Burma should be one of the priorities of the new United Nations Secretary-General Kofi Annan, who should take an active personal interest to ensure the implementation of the annual UN General Assembly resolutions on restoration of democracy and national reconciliaton in Burma.

The 185-nation UN General Assembly on Dec. 12 last year adopted a resolution by consensus without a vote calling on the State Law and Order Restoration Council (SLORC) to “accelerate the process of transition to democracy” and “without delay begin a process of genuine and substantive dialogue with the leaders of the National League for Democracy and with other political leaders who were duly elected in the democratic elections of 1990, including representatives of the ethnic minorities”.

The UN General Assembly deplored the continued violations of human rights in Burma, censured the Burmese military junta for using forced labour to build its economy, torturing prisoners, abusing women and conducting summary executions and called for the release of all political prisoners.

The text of the UN General Assembly resolution last December was based on an October UN report by UN Commission on Human Rights special rapporteur Rajsoomer Lallah, the former chief justice of Mauritius, which described the rights abuses in chilling detail.

Rajsoomer said the practice of forced labour for development projects, usually run by the army, was widespread and included women, children and old people forced to help build roads, railways, bridges and gas pipelines.

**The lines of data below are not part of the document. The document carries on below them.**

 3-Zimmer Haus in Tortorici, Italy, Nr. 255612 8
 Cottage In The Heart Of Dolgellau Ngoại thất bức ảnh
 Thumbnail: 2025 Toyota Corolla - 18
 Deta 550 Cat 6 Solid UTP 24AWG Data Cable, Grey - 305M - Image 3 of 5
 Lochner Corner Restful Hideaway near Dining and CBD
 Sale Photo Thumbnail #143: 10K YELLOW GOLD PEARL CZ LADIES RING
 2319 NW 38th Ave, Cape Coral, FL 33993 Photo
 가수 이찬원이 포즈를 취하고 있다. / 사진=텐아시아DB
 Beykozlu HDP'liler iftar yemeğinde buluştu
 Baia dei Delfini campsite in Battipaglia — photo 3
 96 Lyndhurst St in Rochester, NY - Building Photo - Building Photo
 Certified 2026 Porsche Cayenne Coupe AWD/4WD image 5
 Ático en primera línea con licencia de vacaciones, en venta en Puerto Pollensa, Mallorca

Some of the labour was carried out by prisoners, many of whom are systematically tortured.

It is most regrettable that SLORC had last year refused to allow neither the special representative of the UN Secretary-General, Alvaro de Soto (Assistant Secretary-General for Political Affairs) nor the UN Commission on Human Rights special rapporteur to visit Myanmar to discharge their mandate to assist in the restoration of democracy and national reconciliation.

What is even more shocking is that SLORC had been able to use its position in ASEAN, first as an observer and now pending admission as a full ASEAN member, as justification for its repressive and draconian policies against the pro-democracy forces and ethnic minorities in Burma. Burma’s increasing acceptance in ASEAN has also hardened SLORC’s position to defy UN General Assembly resolutions - although these resolutions had been adopted in the name of all the ASEAN members which agreed that they be accepted by the UN General Assembly by consensus without a vote!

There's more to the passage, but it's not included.